Accounting and Finance | 2010
Natividad Blasco; Pilar Corredor; Rafael Santamaria
This paper analyses the relationship between proxy variables for informed trading in the options market and a set of exogenous news variables. The aim was to test directly for the presence or absence of informed trading in the options market and for the possible impact of this trading on underlying asset prices. Our findings reveal that potential informed trading in options markets is channelled basically through out-of-the-money options, except for volatility trading which mainly involves at-the-money options because of their liquidity. In both cases, we have found evidence in favour of investors’ strategic fragmentation of transactions into intermediate size trades (stealth trading). Finally, it is shown that lack of consensus among agents also generates increased trading, particularly in out-of-the-money and at-the-money options.
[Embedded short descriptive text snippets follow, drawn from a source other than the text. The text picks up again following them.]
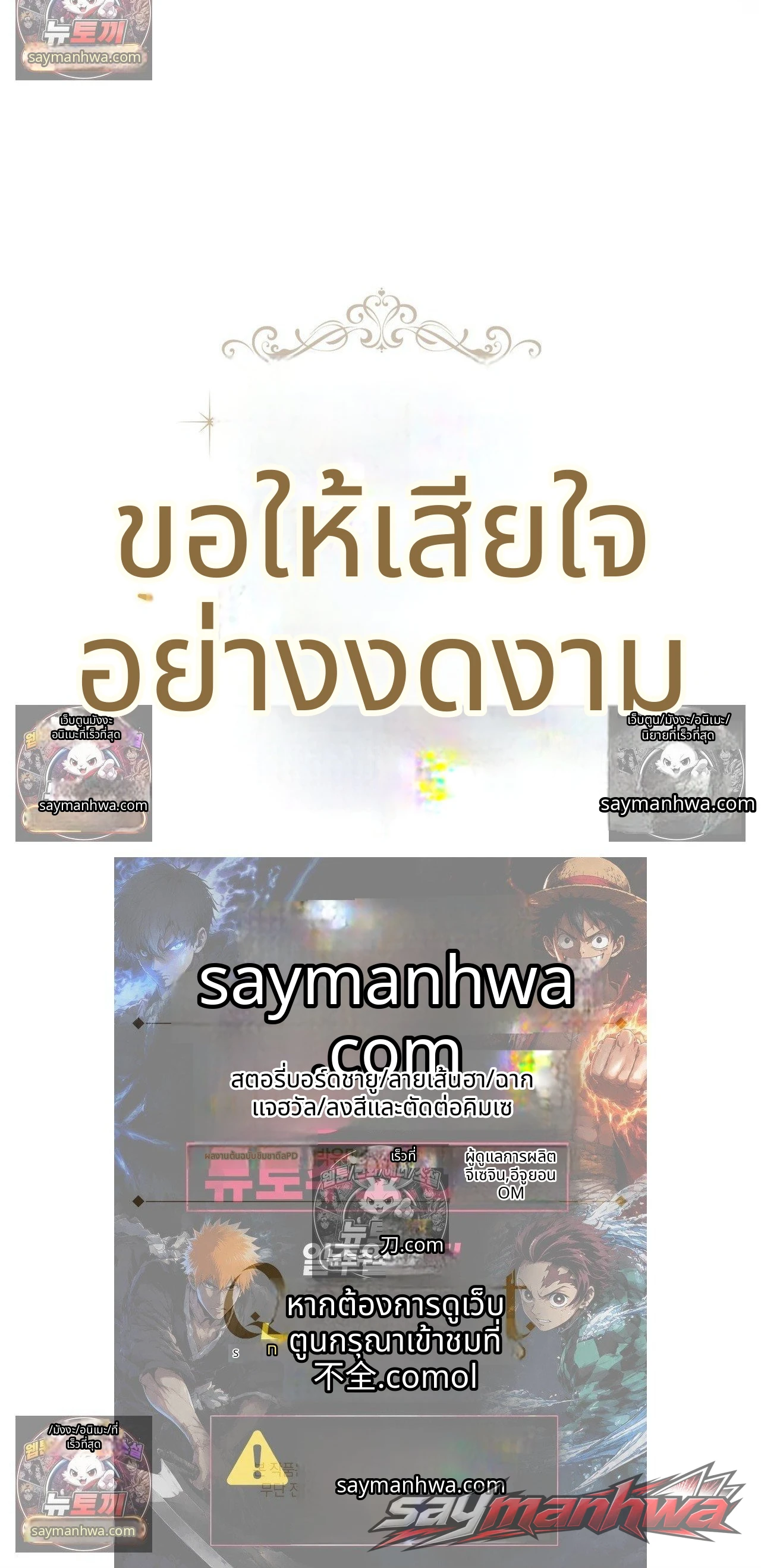 Please Give Me a Splendid Regret [Complete Edition] ตอน 15 page 24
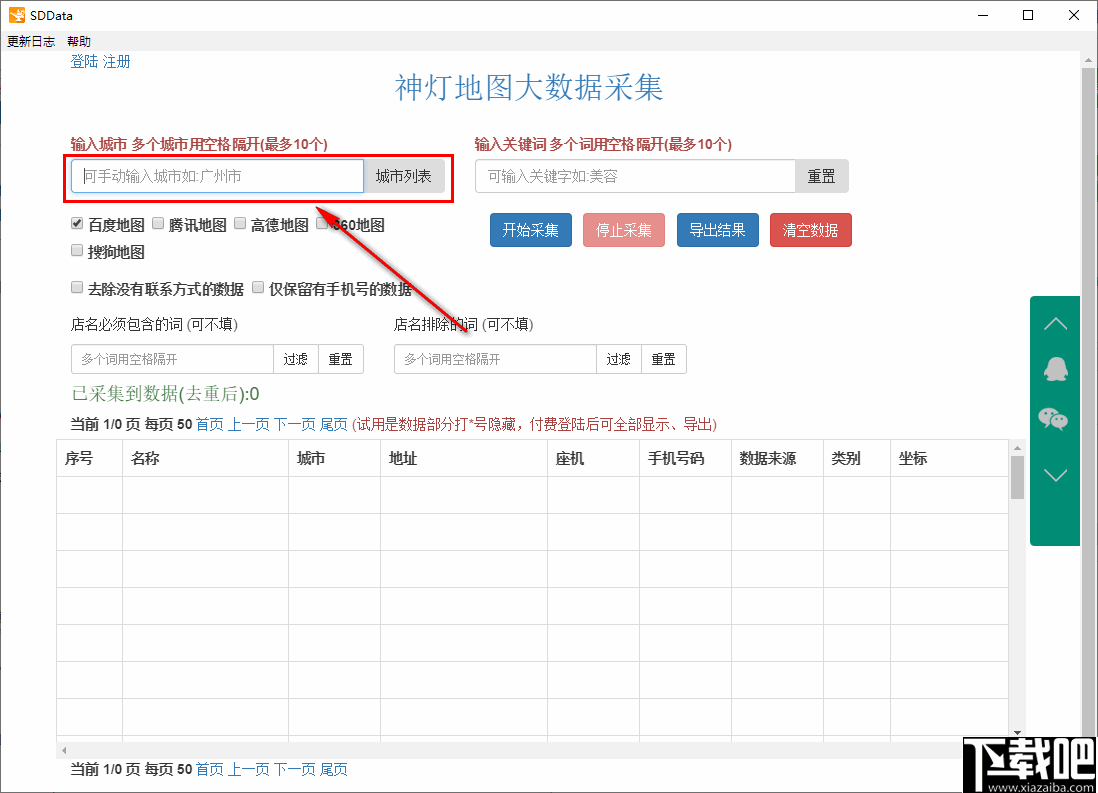 神灯地图大数据采集软件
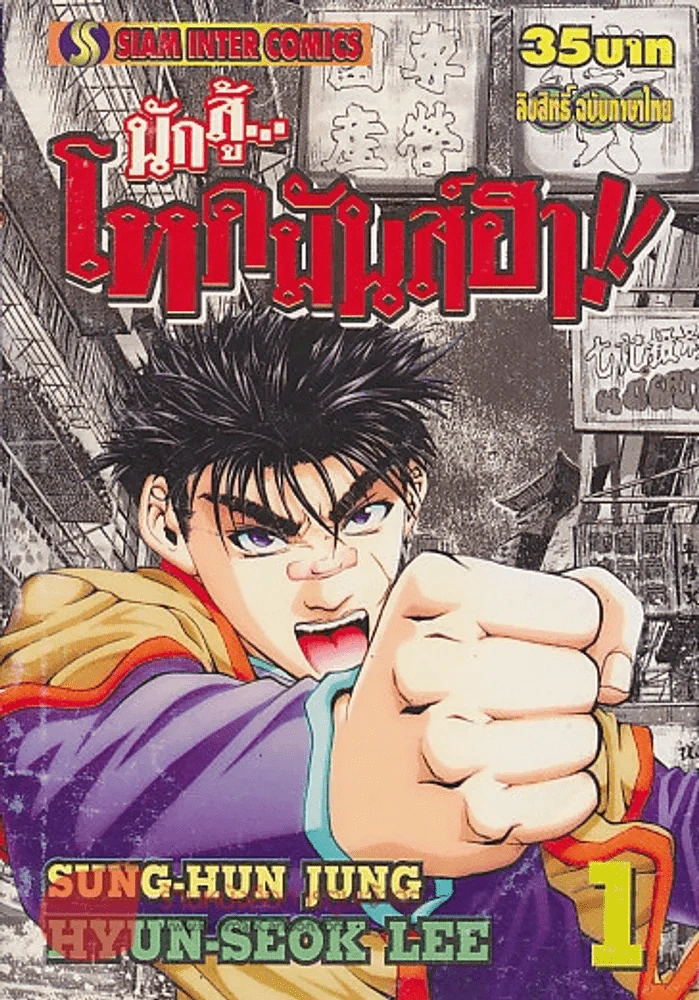 นักสู้โหดมันส์ฮา!! เล่ม 1 รูปที่ 1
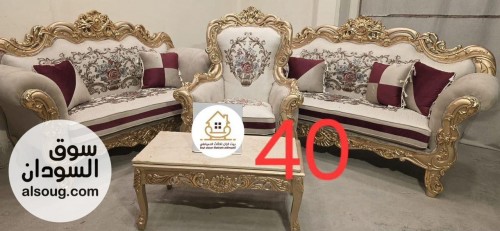 اطقم جلوس دمياطي للاستلام الفورري - صورة رقم 7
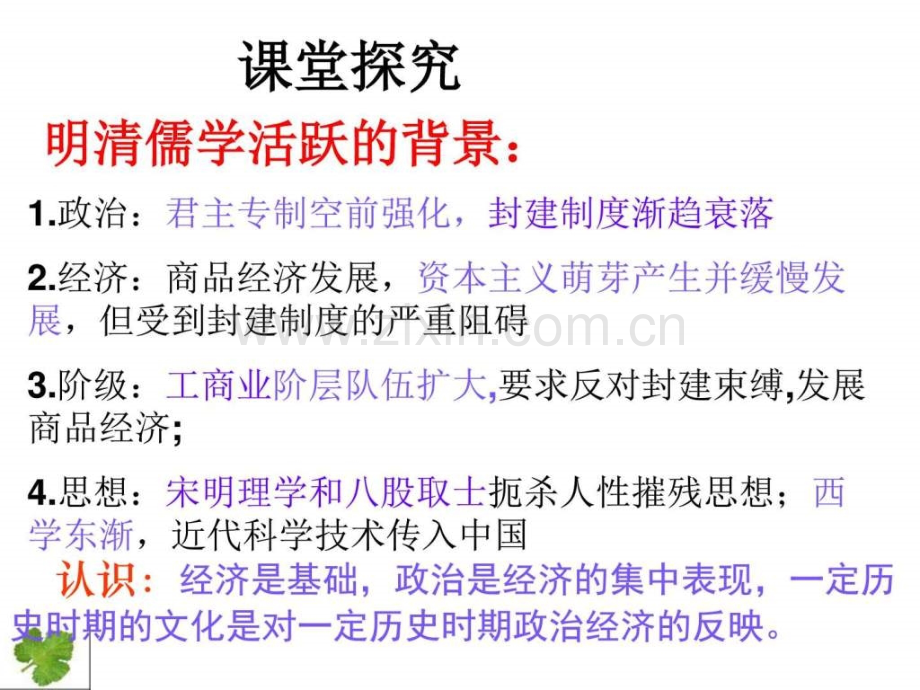 新人教版高中历史必修三明清之际活跃的儒家思.pptx_第2页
Applied Financial Economics | 2007
Luis Muga; Rafael Santamaria
In this article, we test the momentum effect in the Spanish stock market during the 1990s. Though there is evidence of momentum, it disappears after the 1997 crisis. While momentum profits are associated with both size and turnover effects, neither of these factors is a determinant in explaining the momentum effect. The turn of the year effect also lacks sufficient explanatory power to account either for the appearance or disappearance of this effect. An important role is played in this puzzle by the winner portfolio, particularly when it is constructed from small, high turnover stocks. Analysis of the characteristics and evolution of this portfolio may, therefore, help to explain the momentum effect.